Alex and I had a crazy thought a few weeks ago: why couldn’t we just travel? Why couldn’t we try for a couple of years what people call nomadic life? What would really keep us from selling everything we own, put the rest in a couple of big luggages, and just travel from one place to the other? What would we lose or miss? And what would we gain? 

Since we talked about it, this idea of a nomadic lifestyle keeps going through my head and the only way I know to deal with it is to write it down. So here it goes, pros and cons, wishes and concerns, in the most simplistic form I can express them. Because you, my readers, are always a source of inspiration and advice, and I can’t wait to hear what you think.  

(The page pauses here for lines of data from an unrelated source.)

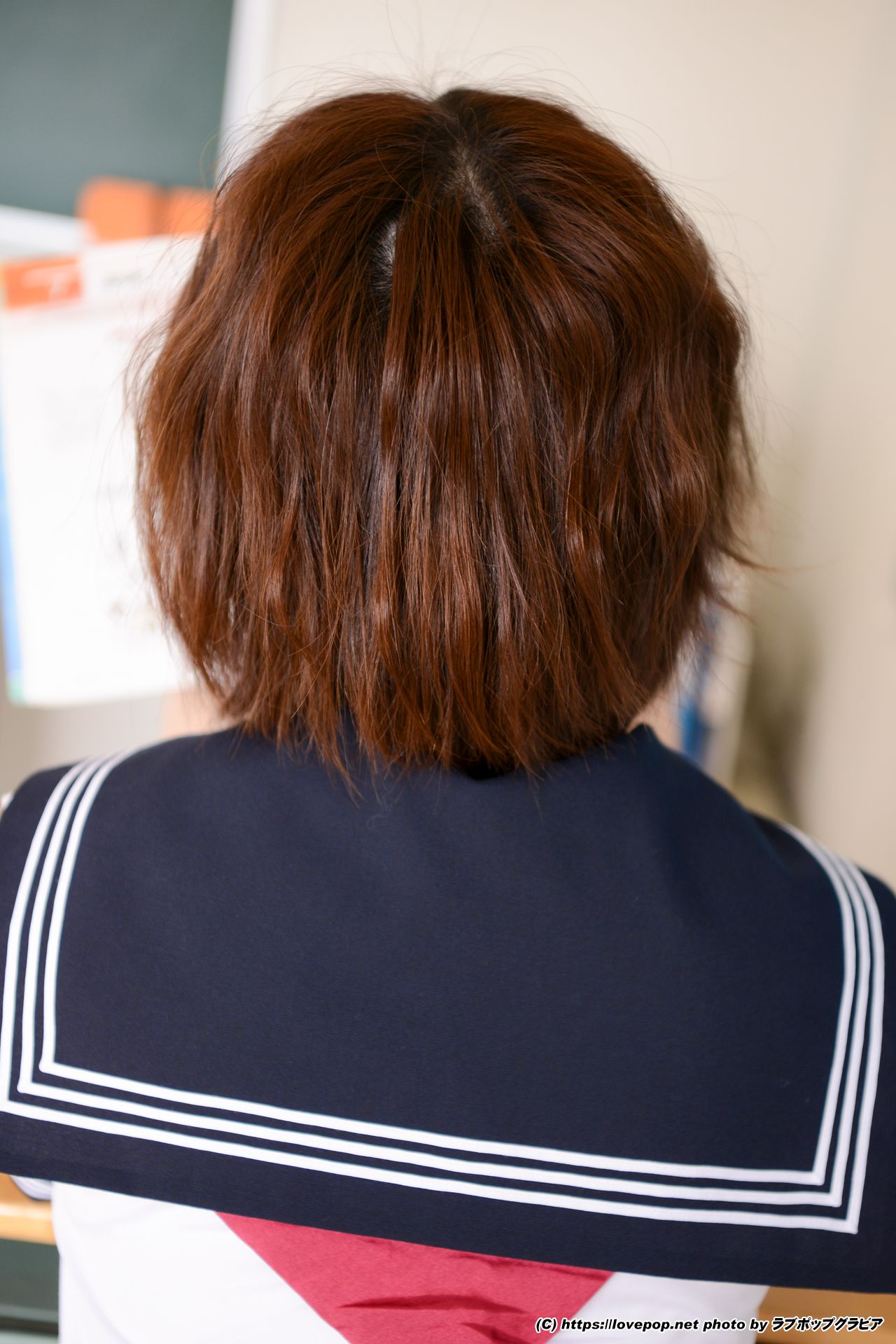 [LOVEPOP] Mizuho Shiraishi 白石みずほ Photoset 13_第3张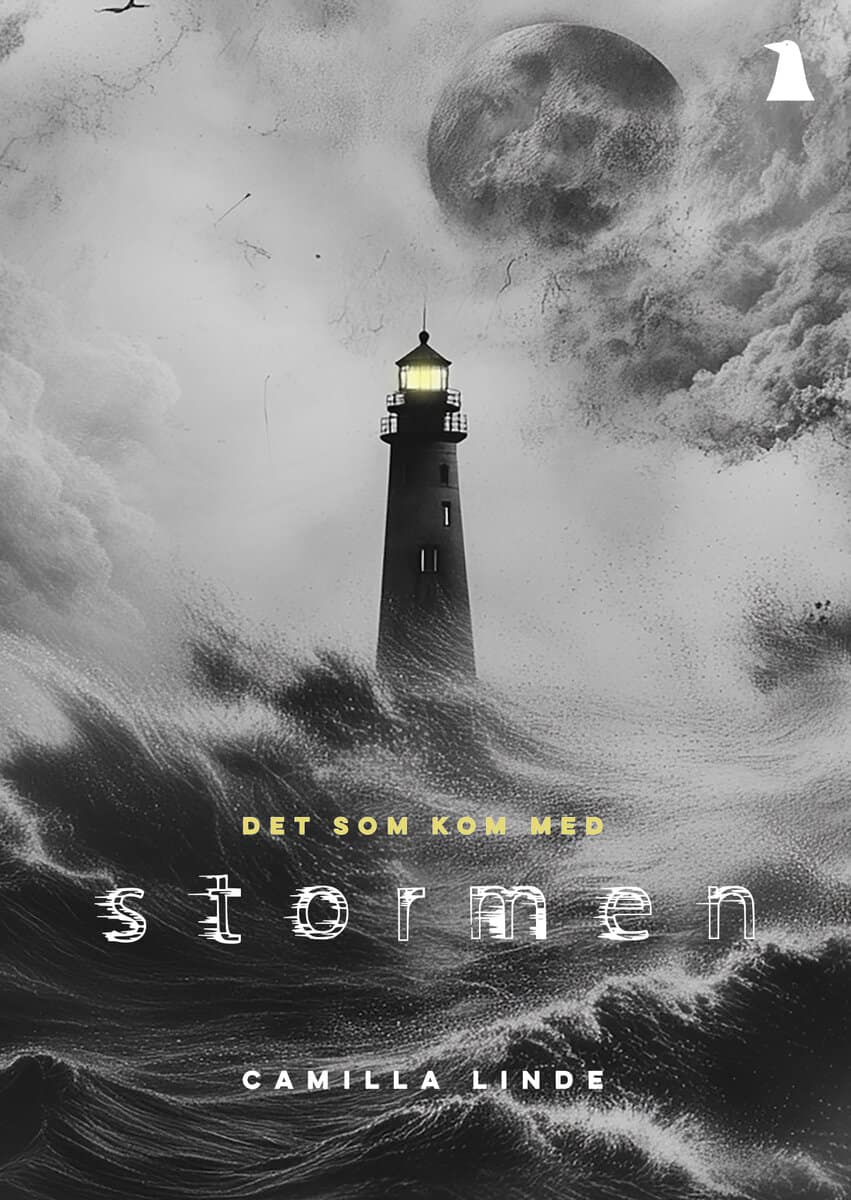 Camilla Linde : Det som kom med stormen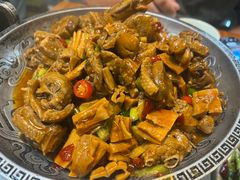 -61号餐吧(兴坪古镇漓江店)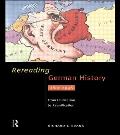 Rereading German History From Unificatio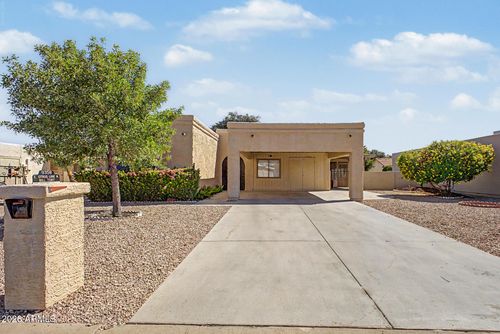 9358 E Citrus Lane N, Sun Lakes, AZ, 85248 | Card Image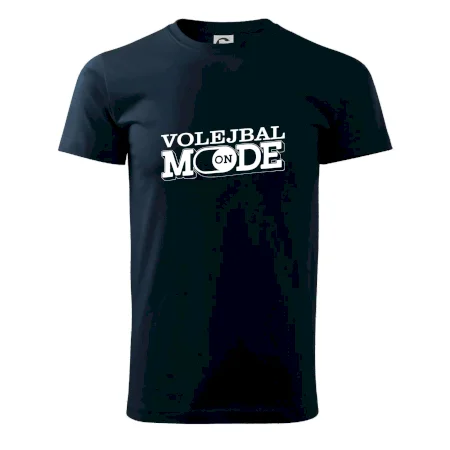 Volejbal mode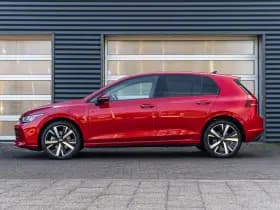 Volkswagen Golf thumbnail 14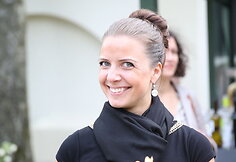 Atidarymo akimirka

  1. I always say that traveling is the only thing that you buy that makes you richer. Imagine how much traveling we could do if we didn’t have (m)any fixed expenses—rent, car, school, nursery—but traveling. 
  2. I hate the thought of dying eventually—always have—and if I had to think about one thing that would really make my life worth living, I’d think about traveling. There is so much world to see and so limited time to see it. A nomadic lifestyle would allow us to see the whole world, and as I’m writing this a rush of adrenaline runs through my veins and I get tears in my eyes.
  3. Alex and I can travel anywhere in the world: we’re in such a privileged position that we would be completely insane not to take advantage of it. 
  4. We could live the minimalistic lifestyle we’ve always wanted. The idea of selling everything we own, and leave with only a couple of luggages is so appealing to me.
  5. Oliver and Emily would get to live the world, to know so many cultures, to experience so much life. It would give them a different mindset for the rest of their life. 
  6. A two-month travel like the one we did in Canada is expensive—no matter how frugal you are. And back at home there’s always a rent to pay, too, which makes the holiday even more expensive. That expense wouldn’t exist if we didn’t have a place to go back to.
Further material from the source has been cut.